The origin of the apparent negative charge at hydrophobic-water interfaces has fueled debates in the physical chemistry community for decades. The most common interpretation given to explain this observation is that negatively charged hydroxide ions (OH-) bind strongly to the interfaces. Using first principles calculations of extended air-water and oil-water interfaces, we unravel a mechanism that does not require the presence of OH-. Small amounts of charge transfer along hydrogen bonds and asymmetries in the hydrogen bond network due to topological defects can lead to the accumulation of negative surface charge at both interfaces.

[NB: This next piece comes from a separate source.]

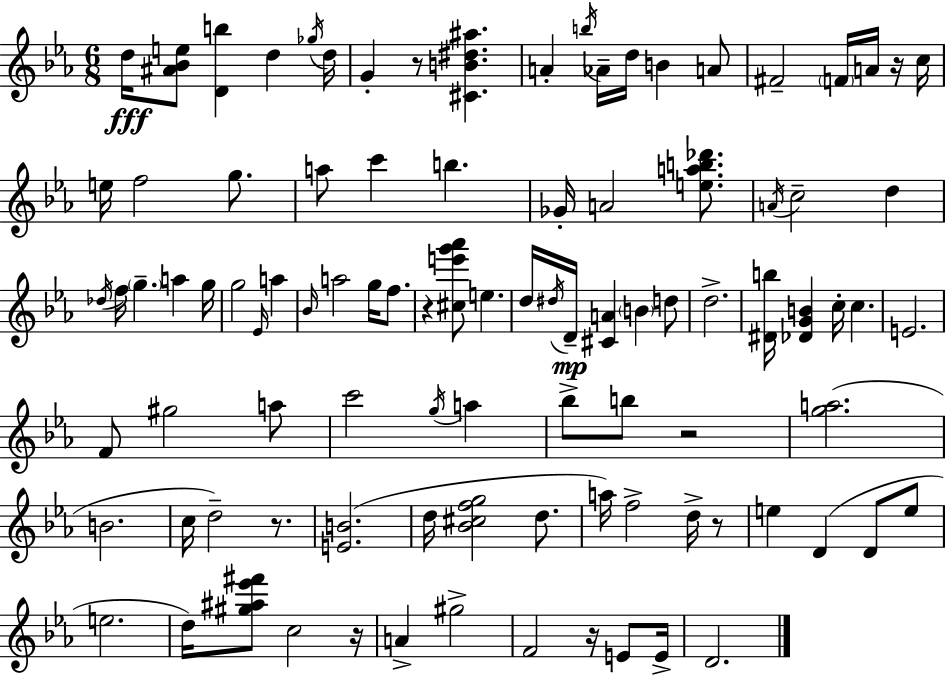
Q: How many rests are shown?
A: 8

For water near oil, some spillage of electron density into the oil phase is also observed. The computed surface charge densities at both interfaces is approximately [Formula: see text] in agreement with electrophoretic experiments. We also show, using an energy decomposition analysis, that the electronic origin of this phenomena is rooted in a collective polarization/charge transfer effect.

中文翻译：

---

电荷转移是确定疏水界面负电荷的普遍机制。

数十年来，疏水-水界面上明显的负电荷的起源激起了物理化学界的争论。用来解释该现象的最常见解释是带负电荷的氢氧根离子（OH-）与界面牢固结合。使用扩展空气-水和油-水界面的第一性原理计算，我们揭示了一种不需要OH-的机理。由于拓扑缺陷，沿着氢键和氢键网络中的不对称性沿着氢键的少量电荷转移会导致两个界面处的负表面电荷积聚。对于油附近的水，也观察到一些电子密度溢出到油相中。在两个界面上计算的表面电荷密度约为[公式：见文字]与电泳实验一致。我们还使用能量分解分析表明，这种现象的电子起源根源于集体极化/电荷转移效应。